Belgium's vision came from a plan that began in 2000. A plan to bring the country's clubs and the Federation together, to have consistency and to implement best practices for youth development. This idea has been a focus during the first weeks of the U.S. Soccer Academy Director Course and it continued this week as clubs engaged in dialogue, sharing what's worked in their environments.

Hassan Nazari, Academy Director of Dallas Texans, asked an insightful question about their progress: where is the plan now, in 2017? "The plan is not static," Kris stated. The Belgian FA is openly looking at how the game is evolving so that it can create the next generation of top-level players. The current generation helped Belgium reach its first-ever FIFA No. 1 ranking in 2015. As the discussion continued, Kris said the Federation and clubs "must continue finding ways to add to the plan and update."

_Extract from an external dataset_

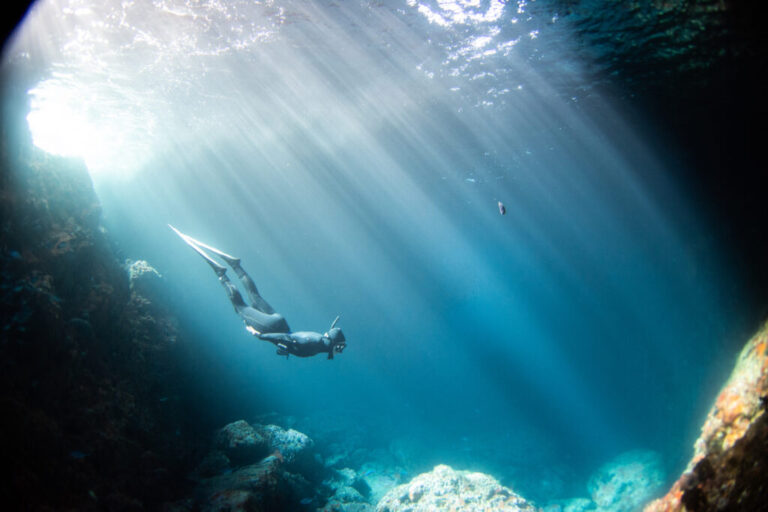 How deep can you dive without scuba gear?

To achieve this, the FA's entire technical staff (from the U-14 level upwards), the Coaching Education staff and the Development staff come together every two years to reflect and update the vision.

He outlined the planning process in the following steps:

  1. Inspiration
  2. Collaborate and Find Agreement (between clubs and Federation)
  3. Commit (to the plan) and Put It on Paper

Jokingly, he added a fourth step for the group. As you say in America...

  1. Just Do It.

Change isn't easy. He said it took a major switch in coaching mentality.

"Coach education is the beginning of the story…You have to:

Stop thinking about your team and the results.
Start thinking about the individual players."

At the elite youth level in Belgium, there are no tables (results or scores) until the age of 13. It's the same standard for the Development Academy's U-12 level.

"Now they don't think about results…(they're) focused on players' development. As a player, winning is important, but the coach must think about development and winning."

The focus on development at a young age means that players are encouraged to take risks and make their own decisions. The result is the development of players who are masterful one-on-one, both attacking and defending.

The visit included an opportunity to exchange ideas over lunch and a coffee break between Kris and many of the Academy Directors and Technical Advisors. As the group departed, we paused for a quick photo in front of the newly-constructed Federation headquarters and took with us the spirit of their vision for our week ahead: to share ideas and work together.